Not only natural forces threaten the characters in Roma.  In the background, there is a discrete, but menacing subtext of political violence.  Paramilitary groups practice with clubs in the squalid Colonia on the hilltops around Mexico City.  At the dinner table, one of the kids recounts how a boy was shot to death for throwing a water balloon at the police.  Shady-looking military bands periodically march like zombies down the streets.  These images presage a bloody riot that occurs when Cleo, heavily pregnant, goes to a furniture store to buy a baby crib.  Outside, rioters surge forward to attack police and people are shot down in the street.  Cuaron stages this scene with hundreds of extras as something only imperfectly glimpsed by Cleo -- there is no god's eye or privileged view of the bloody chaos.  We see what Cleo sees -- rioters running up the center of the street, people firing guns from behind cars, a girl holding up her boyfriend's head as he bleeds to death on the pavement.  A death squad pursues a demonstrator and his girlfriend into the furniture store and guns him down as the store clerks scream.  (Here, the film relies upon an unlikely coincidence:  Cleo's water breaks during the shooting, perhaps, because of the shock and Fermin appears, carrying his kendo stave in the furniture store, apparently part of the paramilitary death squads roaming the streets.)   Cleo can't get to the hospital in time and the baby dies.  A long grim scene shows medical personnel stitching up a tear in Cleo's vagina while other nurses wrap the dead baby like a Christmas present, swaddling it in white cloth, in the background of the image.  Cleo's distance and isolation from the dead baby is palpable and seems to verify Sofia's claim that Mexican women must bear their suffering alone and without help or support from others. 

In the film's last ten minutes, Cuaron discretely implies an identity between Cleo and Mexico.  Although she doesn't swim, Cleo has fearlessly charged out into the turbulent sea to save two of Sofia's children caught in the undertow.  (The family has gone to a shabby seaside resort so that Antonio can retrieve his book cases from the home -- an event that explains a number of long, tracking shots early in the film in which the books and book cases are prominently shown.)  The movie opens up into a huge landscape -- only the second big landscape seen from a high perspective in the film.  We see the family in their small car driving across a desert that seems archetypally "Mexican" -- cactus, rock outcroppings, and some distant mountains.  The film cuts to the interior of the car where the children are excitedly discussing how Cleo saved them from drowning.  After some dialogue in the moving car, the film cuts to an exterior shot in which we see Cleo's face behind the window, a panorama of the Mexican landscape superimposed upon her features.  This image seems to suggest that Cleo is representative -- that she embodies certain aspects of the Mexican national character.  I am ambivalent about representations of this sort -- I doubt that there is any "authentic" way to be Mexican just as there is no essential or fundamentally "authentic" way to be an American.  Nonetheless, for a moment, Cuaron implies an identity between Cleo and the Mexican land.  The ending is more subtle:  the servants do laundry on the roof of the house.  We see Cleo carrying a large basket of laundry up a steep, daunting iron stair, really more of a fire escape than steps for daily use -- we see  her ascending upward toward the blue sky over Mexico City where a jet is slowly sailing across the heavens.  She vanishes onto the rooftop and the film's title Roma is superimposed over the image together with a dedication, apparently to woman similar to Cleo who was important in Cuaron's life. 

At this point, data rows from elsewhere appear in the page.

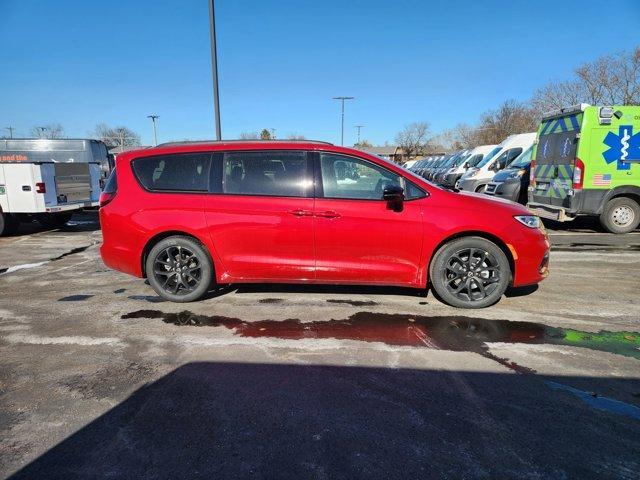 new 2025 Chrysler Pacifica car, priced at $46,584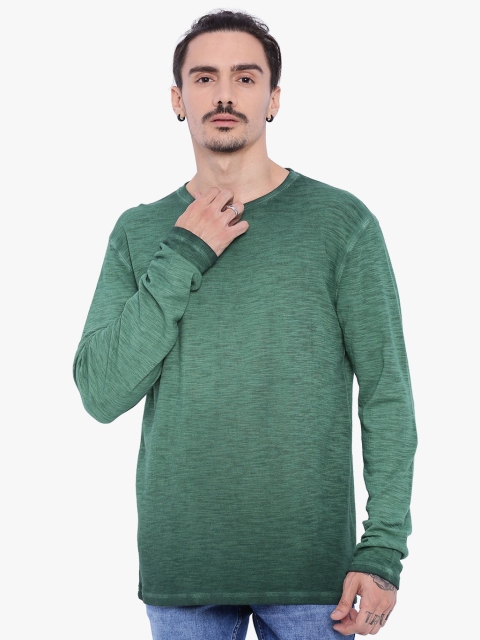 

Breakbounce Men Green Solid Round Neck T-shirt
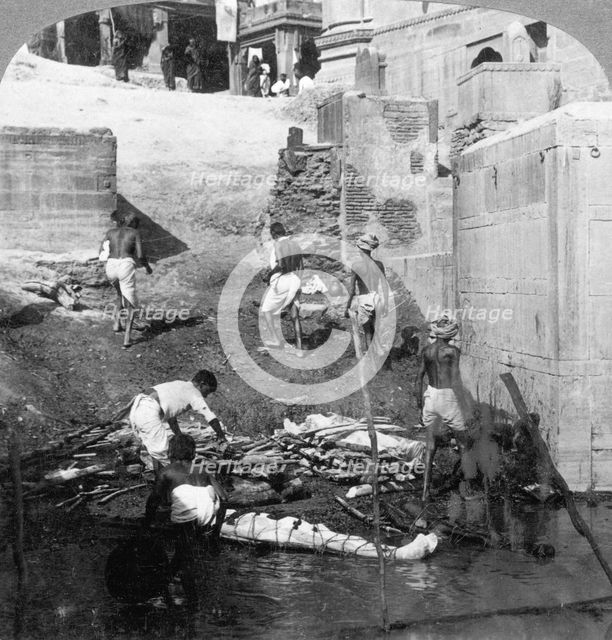 Bathing and burning the Hindu dead, Benares (Varanasi), India 1903.Artist: Underwood & Underwood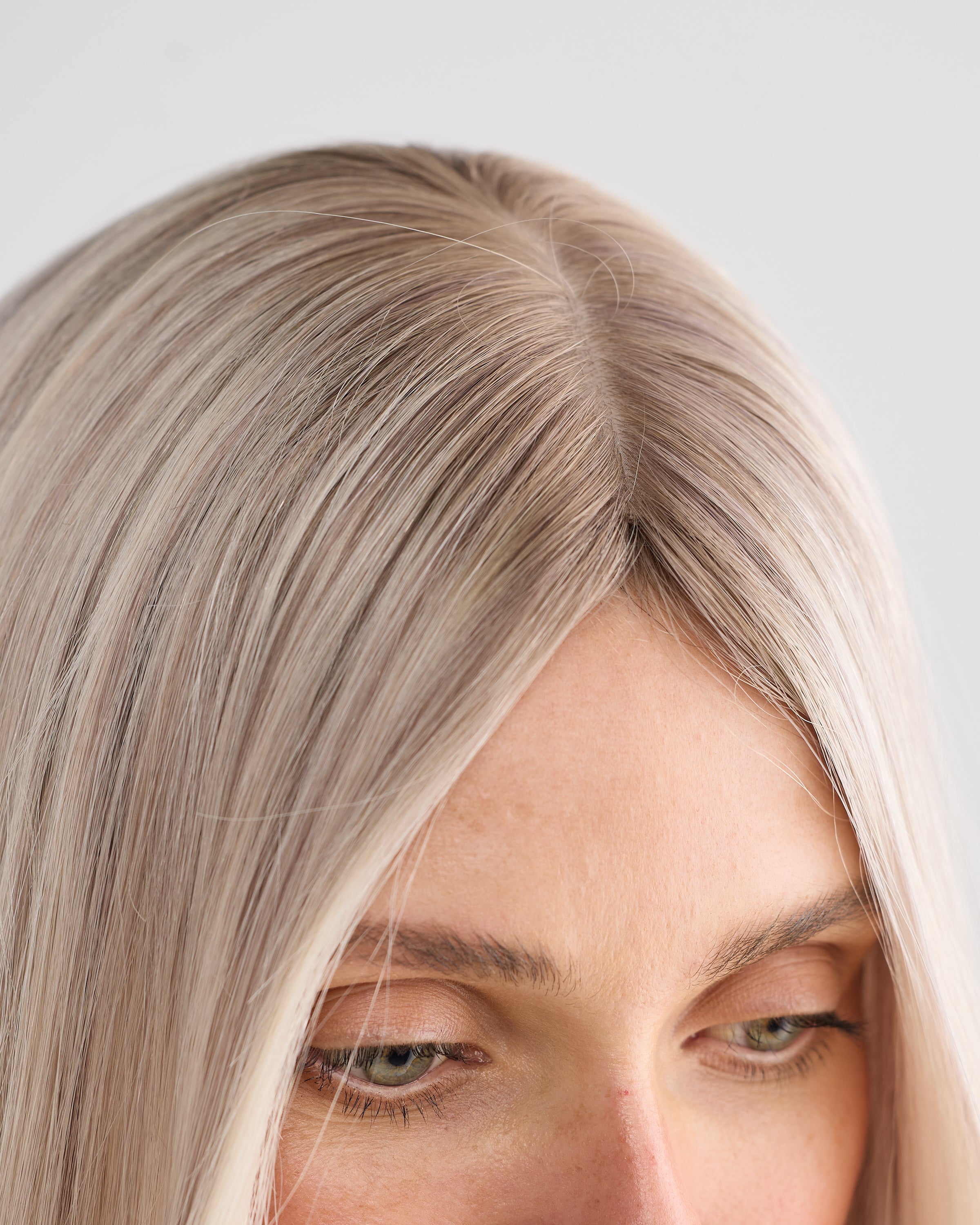 DIMENSIONAL SMOKEY SILVER  // TOPPER // 24 INCHES // 8x8 CAP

When I told my son, who attended the film with me, that Cuaron seemed to be equating Cleo with the Mexican people, he replied that this would mean that these people were ignorant, uneducated, docile, readily manipulated to their own disadvantage, and politically naïve.  My response was that this was true but that Cuaron also had shown that these people are indefatigable, gentle, loving, selfless and courageous. 

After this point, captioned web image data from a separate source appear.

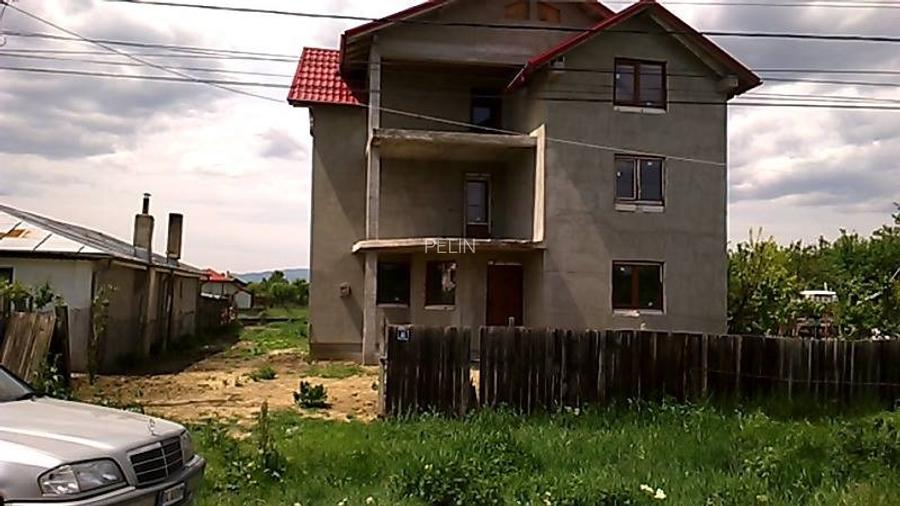 Casa de vanzare Petresti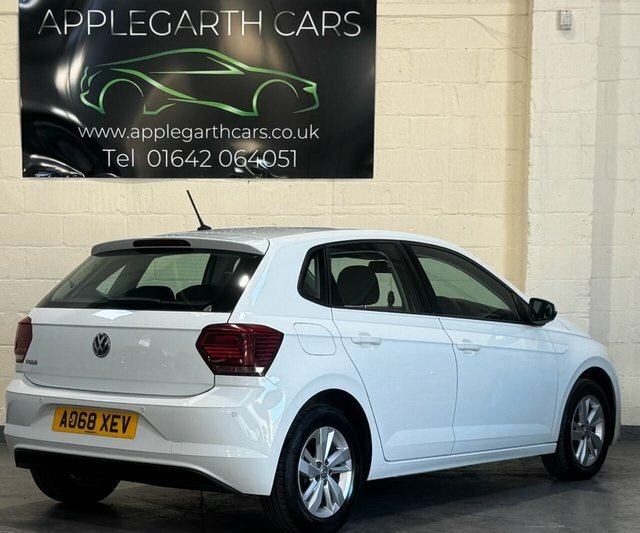 Volkswagen Polo Evo Se Hatchback AO68XEV White #2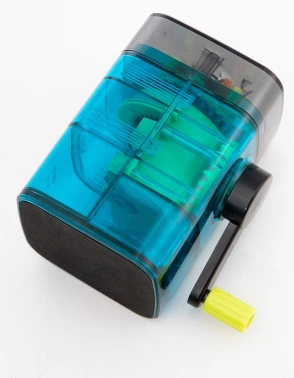 Точилка для карандашей механическая Deli  71162Blue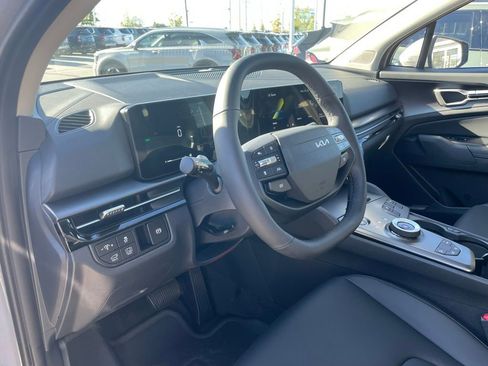 New 2026 Kia Sportage EX w/ EX Panoramic Sunroof Package image 9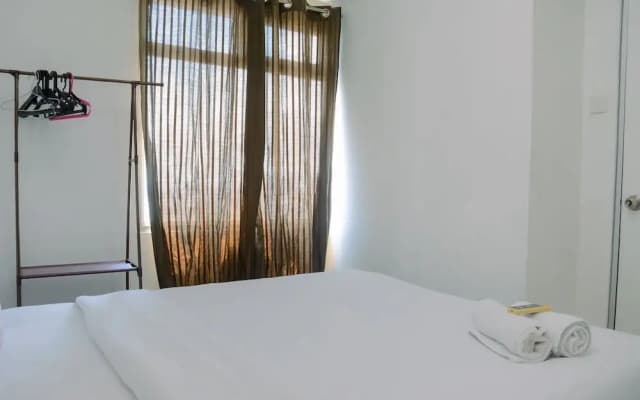 Spacious and Comfortable 2BR Green Bay Pluit Apartment - photo 2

Roma has been shown in some select theaters to qualify for the Academy Award.  The film will be on Netflix in late December or early January 2019.  It's an achievement of high order and deserves your attention.  (I'm unsure how the movie will look on TV -- many of the wide-screen images require the audience to scan the picture and pick out different zones of activity and secondary areas of emphasis  -- for instance, the women walking along the hillside above the swirl of dogs and sheep that the dogs are either herding or harassing.  I presume that audiences will be able to do this on smaller screens although some of the shots undoubtedly may prove puzzling.)           

Sunday, December 9, 2018

Eskimo

The story of  how Eskimo (1933) was made is probably more interesting than what's on the screen.   That said, the movie is pretty good and, certainly, fascinating throughout.  The ethnographic imagery in the film is probably valuable today -- no one hunts or lives nowadays like the Yupik natives shown in the picture.  Eskimo was one of three films directed by W.S.("Woody") Dyke in 1933 -- the other two were Penthouse and The Prizefighter and the Lady.  (Dyke made White Shadows in the South Pacific, a picture started by Flaherty and related to Murnau and Flaherty's Tabu in 1929, directed Trader Horn in 1930, premiered Johnny Weissmueller in Tarzan the Ape Man in 1932 and inaugurated the sophisticated Thin Man series in 1934.)   It's unclear how Dyke accomplished all this when the credits tell us that Eskimo was shot in the Northwest Territories over the course of two years -- presumably a second crew compiled the ethnographic footing and, then, Dyke added the complicated story using studio inserts and lousy rear-projection.  The film is politically incorrect --no one uses the name "Eskimo" anymore and the leading female actors seem to me to be Chinese or Japanese.   The hero, Mala (played by Ray Wise aka Ray Mala) was the son of a Russian Jew and a Yupik woman.  (He also operated cameras, was promoted as the "Eskimo Cary Grant", and made a number of other films, both as an actor and cinematographer.)  Although some academics have argued to the contrary, the film is not racist -- in fact, great care was taken to accurately depict Yupik life and the film was shot in Inupiak, the local language, at great expense -- the kh sound in that language caused "chopping" or the microphone to cut-off and the Asian leading ladies had to learn Inupiak to recite their lines.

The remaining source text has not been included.